== Task description ==
Print exactly the line that contains "Kitchen - 1012", then every following line through the end of the material; include nothing else and no pictures.

== Data ==
[Start of section]
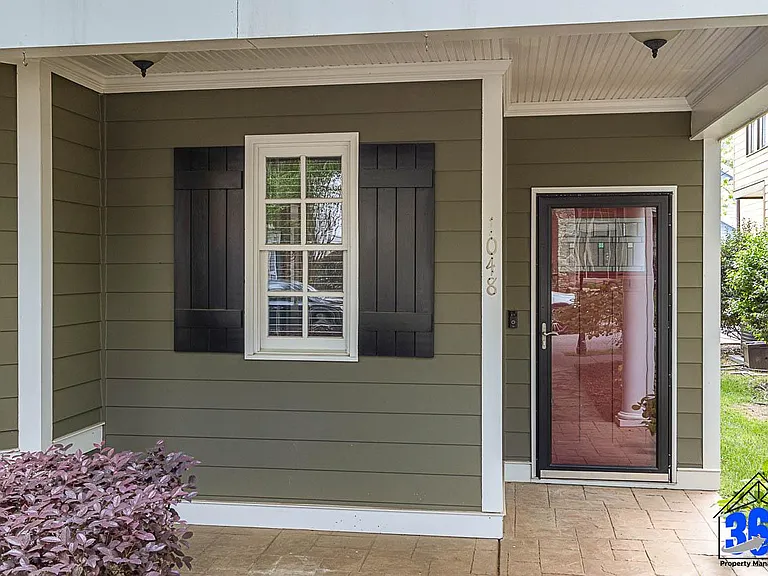 1048 Gold Rock Ln — Photo 3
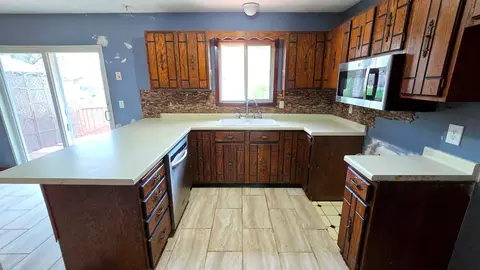 Kitchen - 1012 104th Ave NW, Coon Rapids, MN 55433 photo 2 of 3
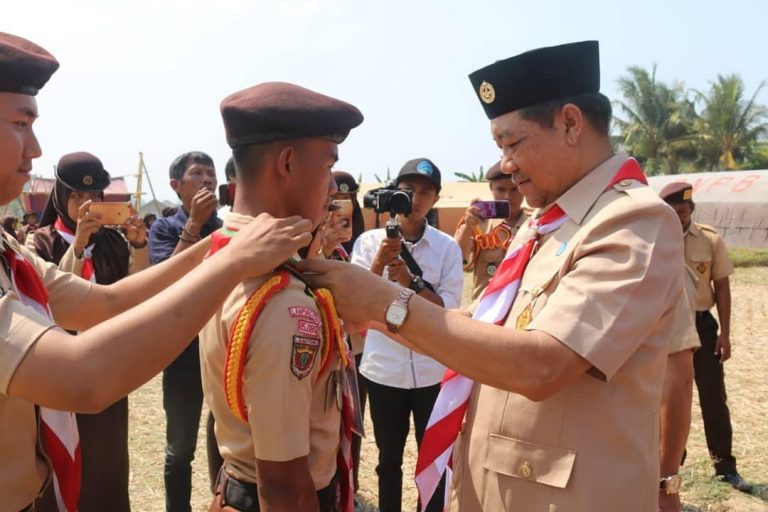 Bujang Rahman Hadiri Bakti Pramuka Unila di Kalianda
[End of section]
== Problem solution ==
 Kitchen - 1012 104th Ave NW, Coon Rapids, MN 55433 photo 2 of 3
 Bujang Rahman Hadiri Bakti Pramuka Unila di Kalianda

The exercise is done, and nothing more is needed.